Xendo, Inc. is an enterprise search company headquartered in San Francisco, California.   Xendo operates a Software-as-a-Service (SaaS) platform of the same name which enables professional knowledge workers with Unified Search across 30+ enterprise cloud applications (like Salesforce, Google Apps, Asana, Trello and more) and includes connectors to integrate on-premises and proprietary systems.

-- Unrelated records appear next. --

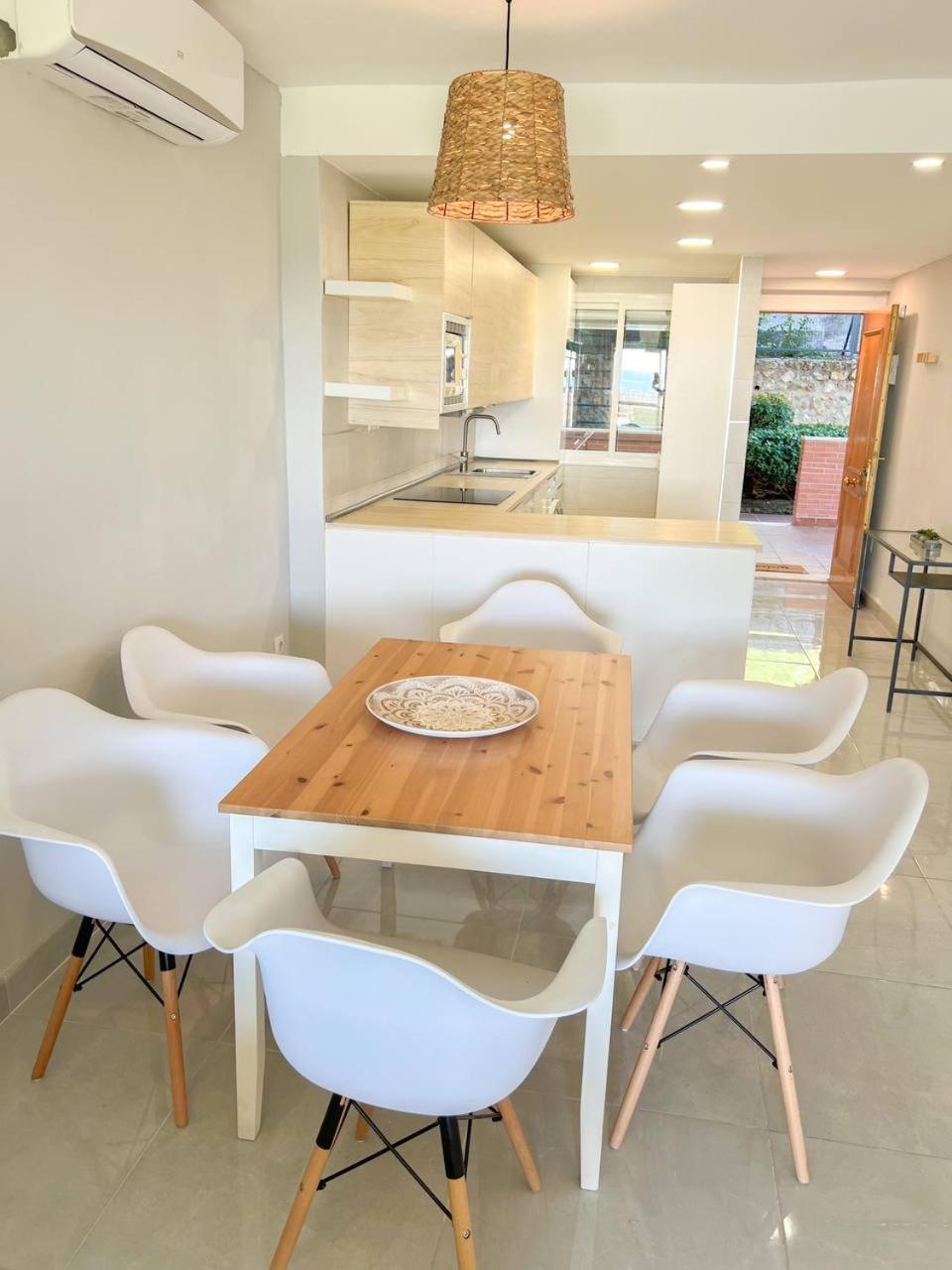 Cozy Apartment With Large Terrace Torremolinos Dış mekan fotoğraf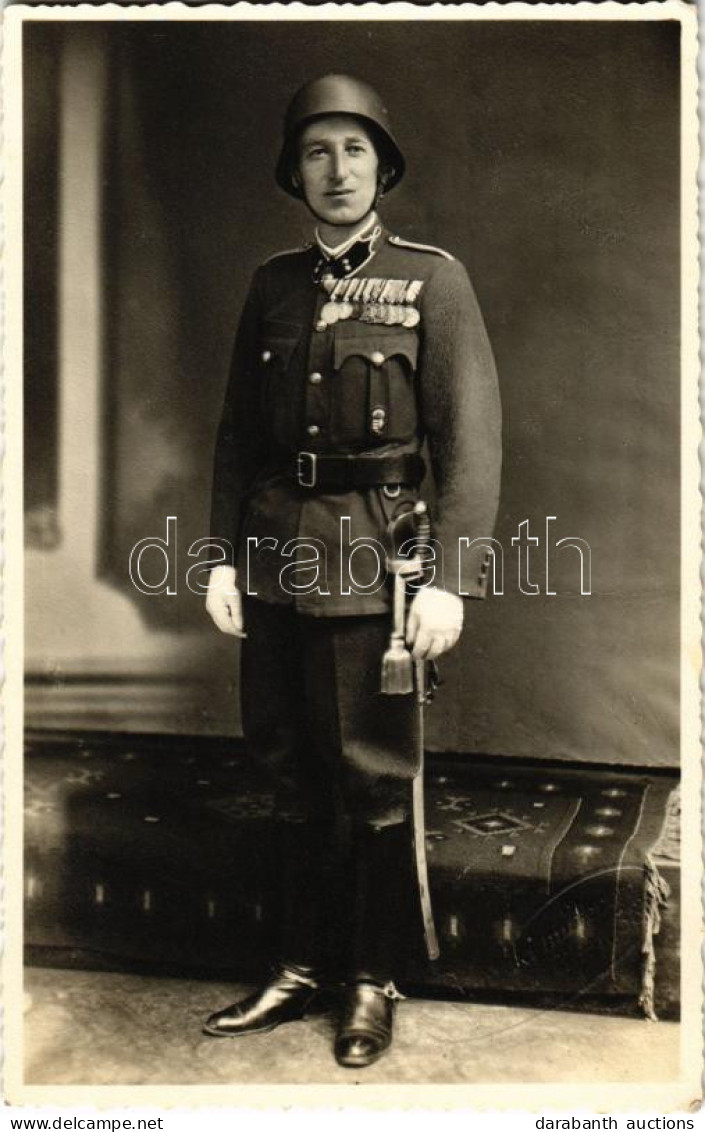 * T2 Magyar Katona Kitüntetésekkel / Hungarian Military, Soldier. Berzéki Műterem (Debrecen) Photo - Unclassified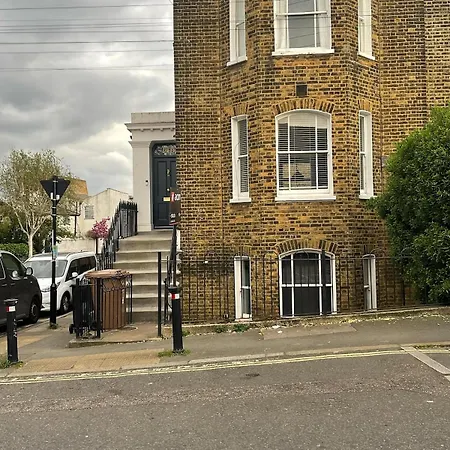 Apartment Cosy Garden Flat Nr Greenwich 7 Mins To Ldn Bridge London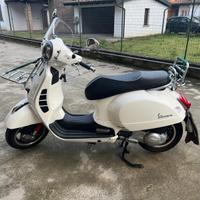 Piaggio Vespa gts 300 2017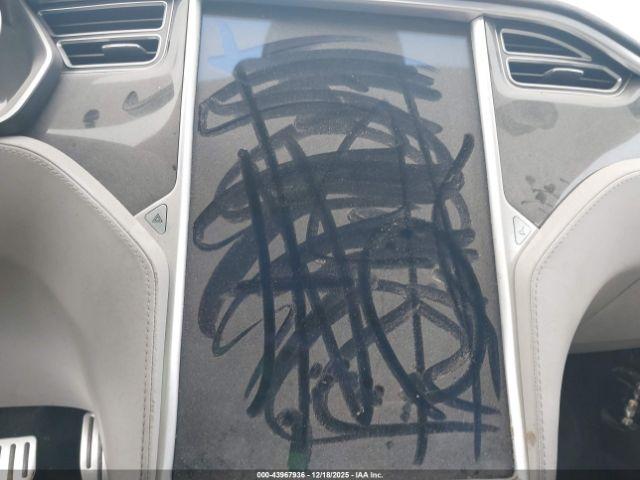 Tesla Model S Image 3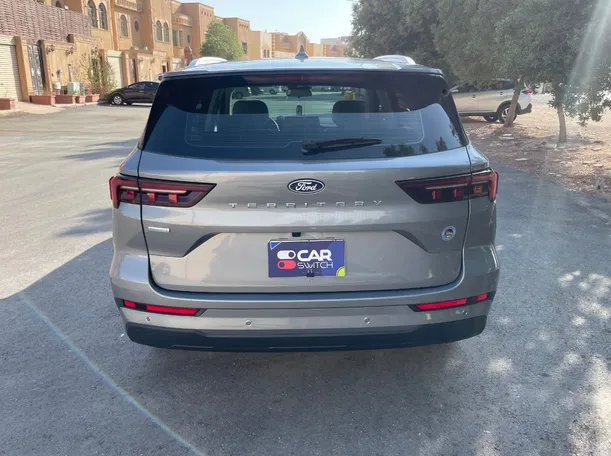 Car image 6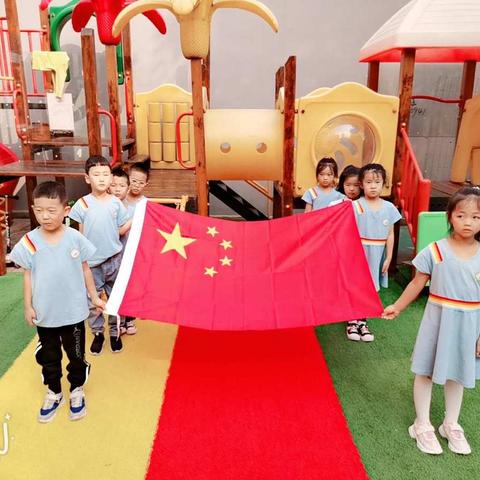 阳光宝贝幼儿园本学期升旗仪式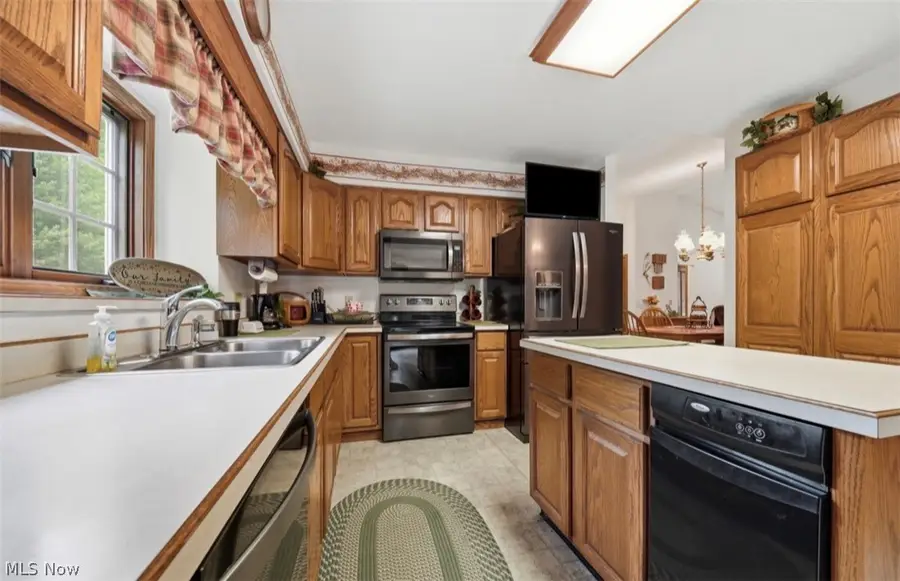 3556 Lake Road, Conneaut, OH 44030 - #3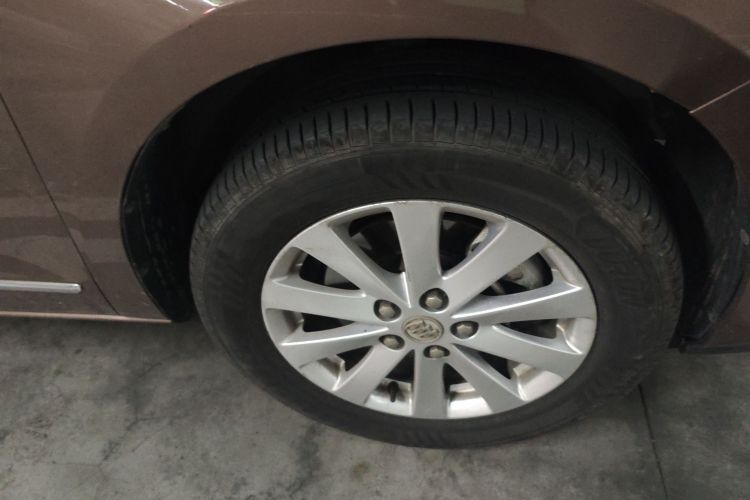 Used Buick GL8 2018 28T Luxury Model China VI Standard Right Front Wheel Hub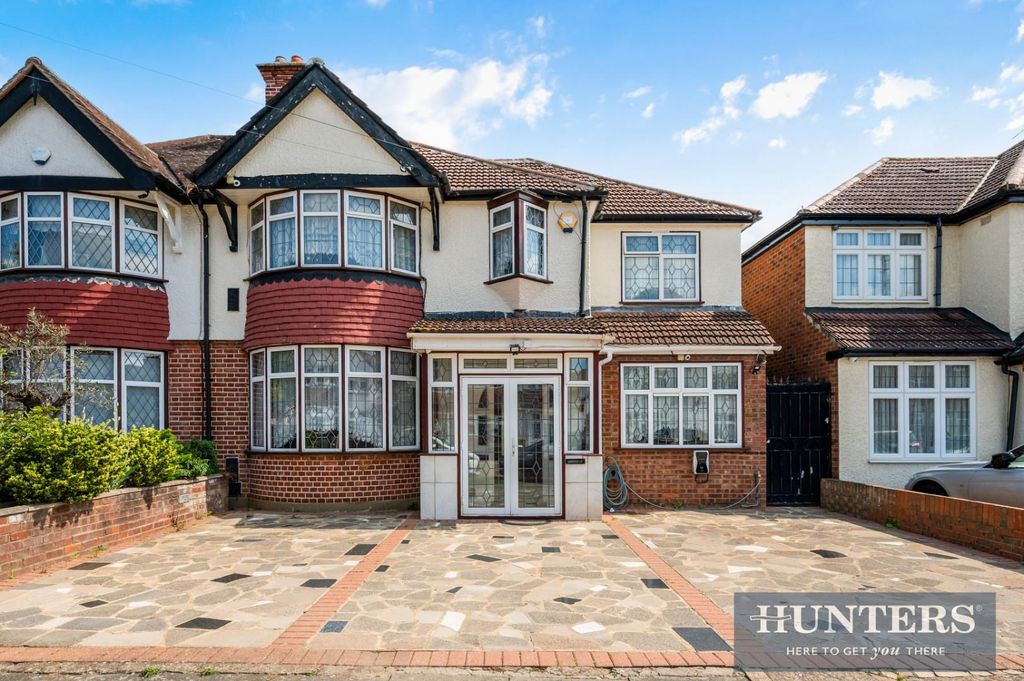 Property photo 1 of 15 Blossom Waye,  (16).Jpg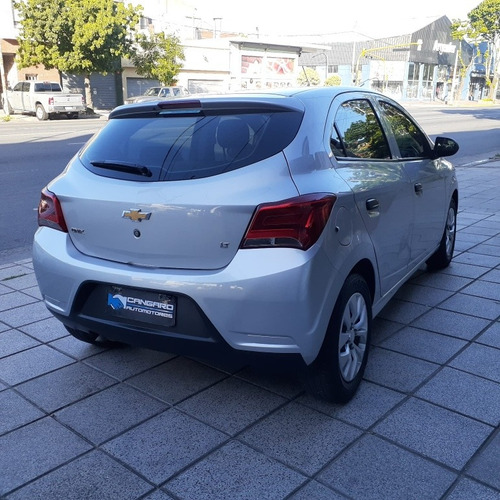 Imagen 8 de 15 de Chevrolet Onix 2018 1.4 Lt 98cv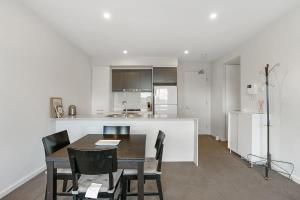 Dapur atau dapur kecil di Cozy & Convenient Bundoora Apt withparking
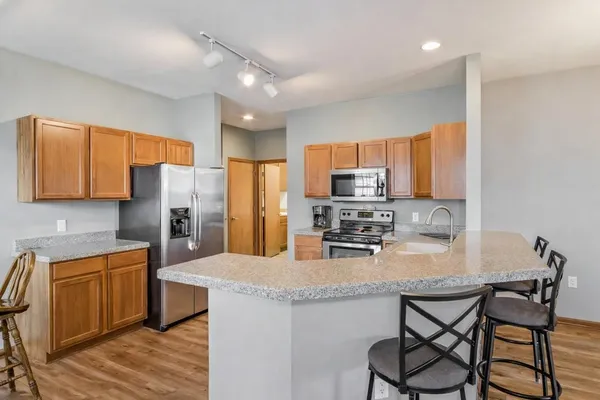 $325,000 | 3331 North Stone Creek Circle, Madison, WI 53719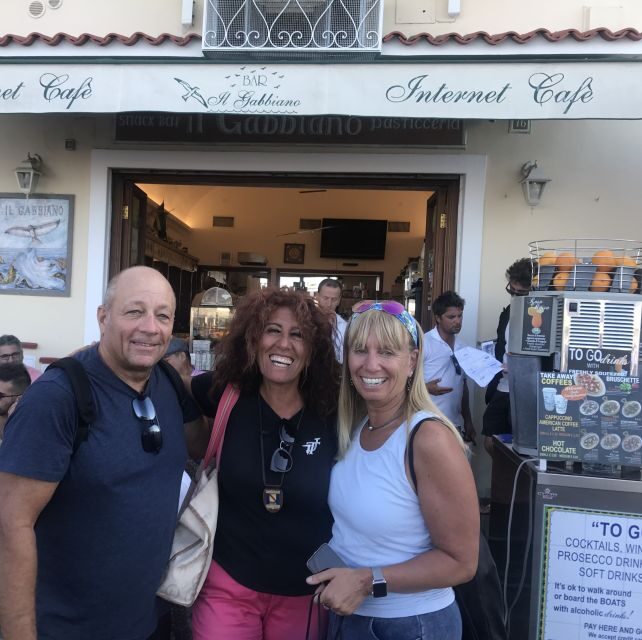 Unforgettable tour of Capri with special convertible coach - The Boat Tour Around Capri: Why the Water Time Matters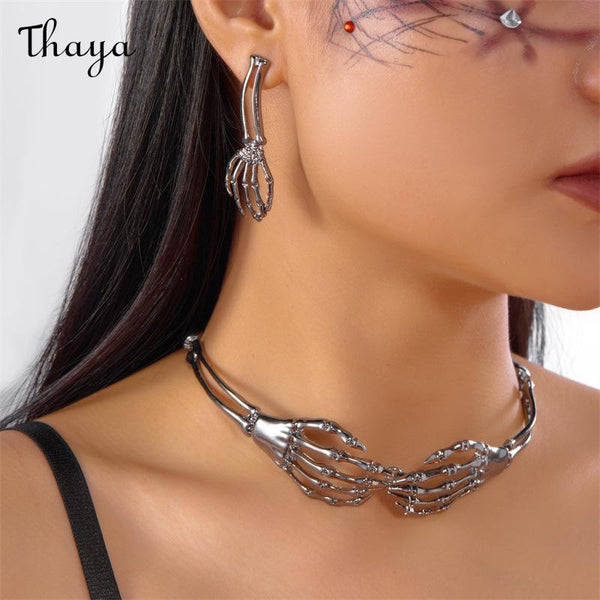 Thaya Halloween Dark Retro Ghost Hand Necklace Earring Set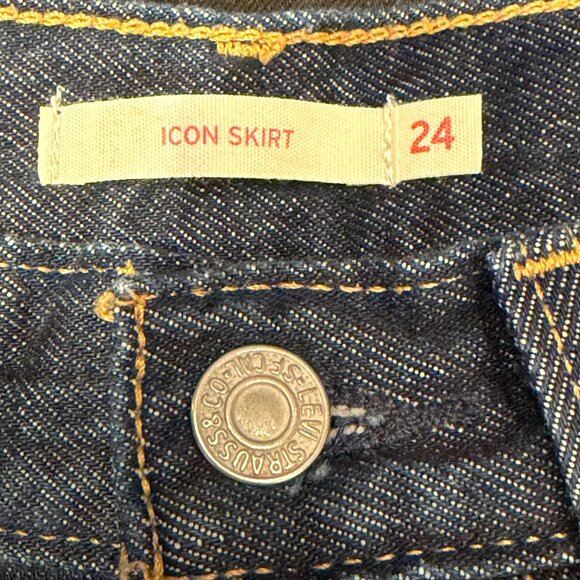 Levi’s Women’s Icon Denim Mini Skirt Dark Wash Size 24 NWT - Picture 6 of 6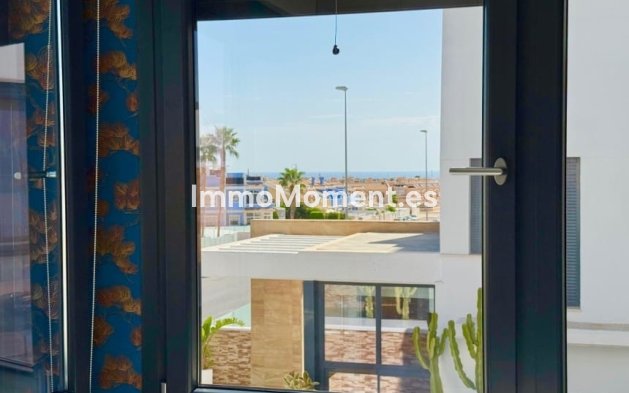 Resale - Detached villa - Orihuela Costa - Cabo roig - La Zenia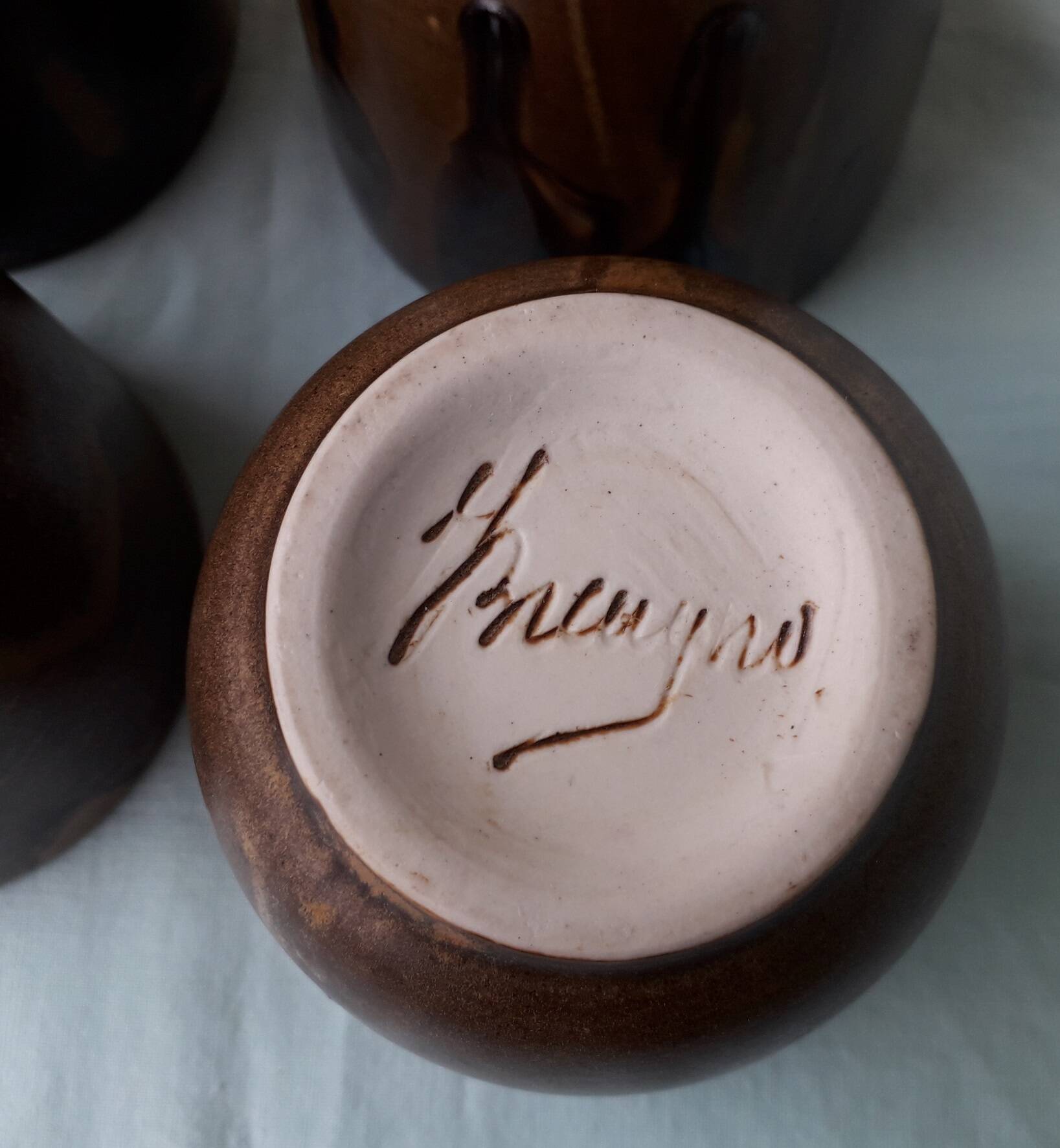 Breugnot stoneware mugs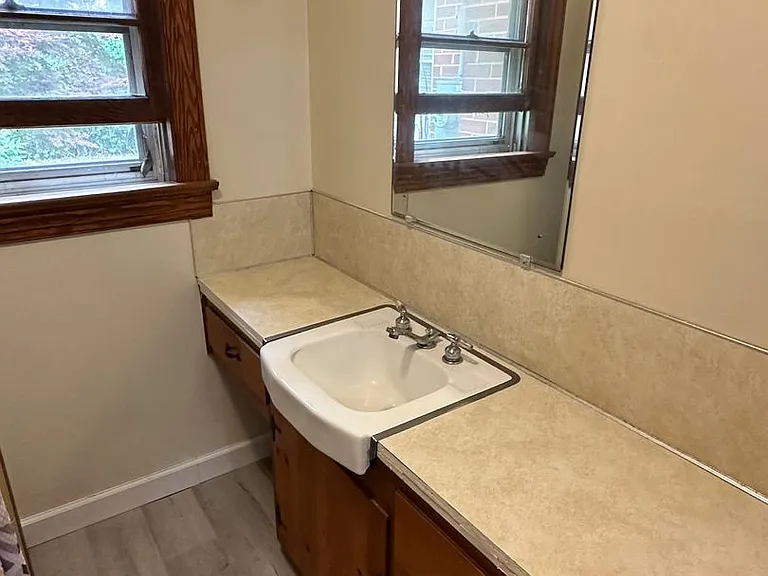 144 N Fairview Cir — Photo 20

Xendo provides deep, full-text search with advanced filter capabilities like proximity searching and OCR.   Using NLP and Entity Extraction, Xendo enhances relevance and derives insights latent in textual content (such as documents, emails, calendar events, tasks). Xendo is pre-integrated with Single Sign-On (SSO) solutions like Okta and OneLogin, so users can seamlessly find and securely access their content wherever it is.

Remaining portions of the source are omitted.